I have an STL file that I used to 3D print bone samples. I then scanned those 3D printed bone samples and converted those files to nii files. I am trying to run image registration in Slicer to evaluate the quality of the 3D printing, but I am not sure how to register a surface mesh and a 3D image. I would like to run a simple rigid transformation using BRAINS and a linear transform.
I was able to get a linear transform to work using the original image file that I used to make the STL file but that is not quite what was 3D printed. As there is mesh operations that would slightly change this. Is there an easy way to convert the STL file to a nii or nrrd for example?
You lose some accuracy if you rasterize the surface mesh into a binary labelmap, so probably you can get more accurate results if you segment the CT scans and compare them to the original surface meshes (STL files) using ModelToModelDistance extension.
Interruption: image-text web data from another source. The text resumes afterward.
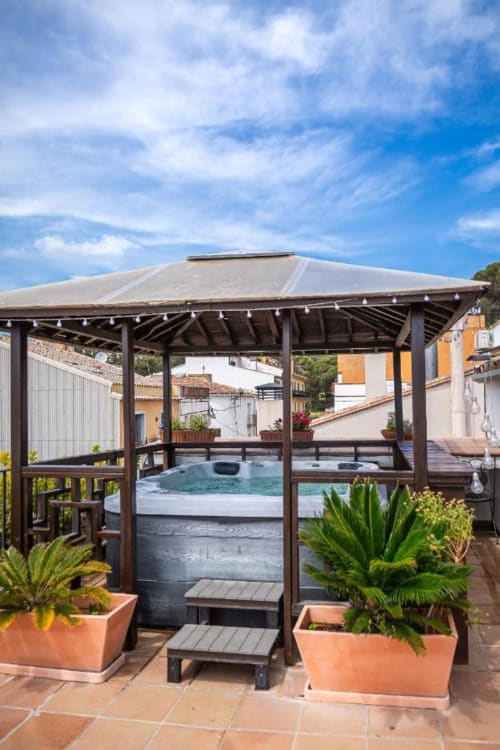 Gazebo techado junto a la piscina con bañera de hidromasaje en Hotel La Muntanya en Llafranc, rodeado de macetas de terracota y estilo colonial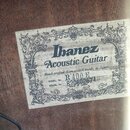 Fotografie detailu štítku uvnitř akustické kytary. Na štítku je uveden nápis Ibanez Acoustic Guitar, text Hand crafted from select woods in Japan a M…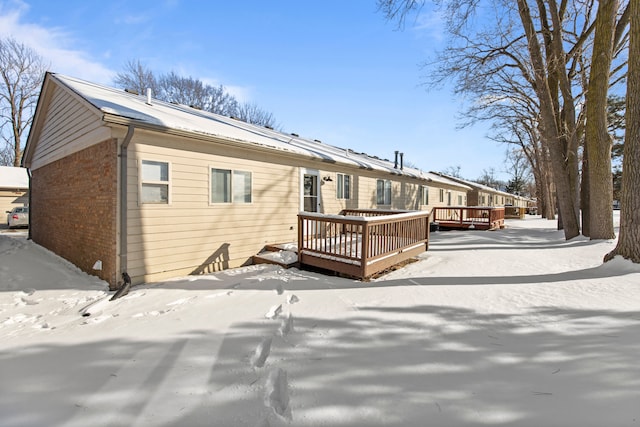 snow covered property with brick siding and a wooden deck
You can align the meshes before the comparison using model registration.
I have segmentations of the CT scans, but I was thinking segmentation could introduce other errors into the image. Noise or loss of connectivity in the structures of the sample.
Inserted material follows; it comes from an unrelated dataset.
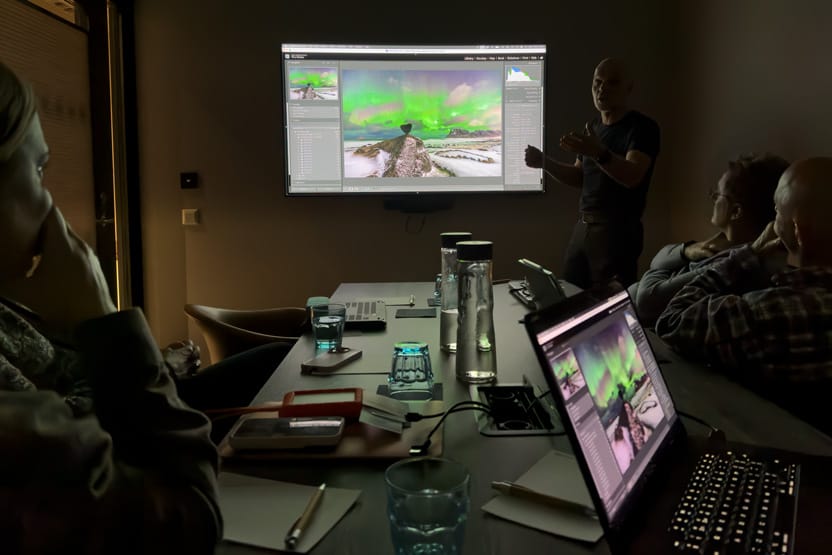 Photographers learning post-processing techniques on laptops during a photography workshop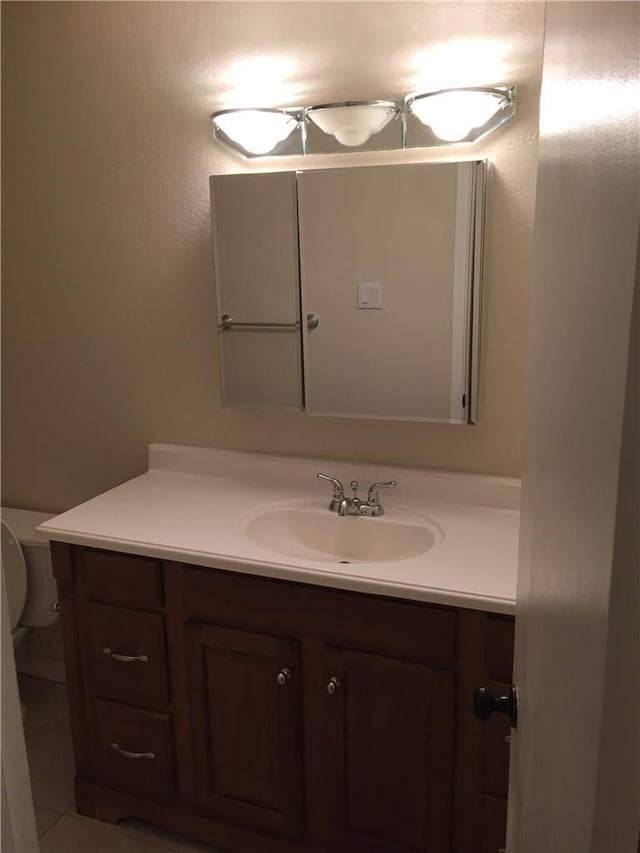 bathroom featuring tile patterned floors, vanity, and toilet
Could you provide some documentation about rasterizing the surface mesh into a binary labelmap? Additonally, I am confused on how to resample an image in Slicer. I would like for the CT image and the STL file to be of the same image size.
CT imaging, segmentation, all import/export operations, etc. all maintain the correct physical size. All processing and comparison methods in Slicer operate in physical space (image resolution does not matter). Therefore, there should be ne need for resizing or resampling for any comparison.
If you want to resample images anyway then you can use resampling modules, such as “Resample Scalar/Vector/DWI Volume” module.
Yes, sure, you can upload the images anywhere (dropbox, onedrive, google drive, etc.) and post the download link here. Make sure the image do not contain patient health information (anonymize or use public or non-human data).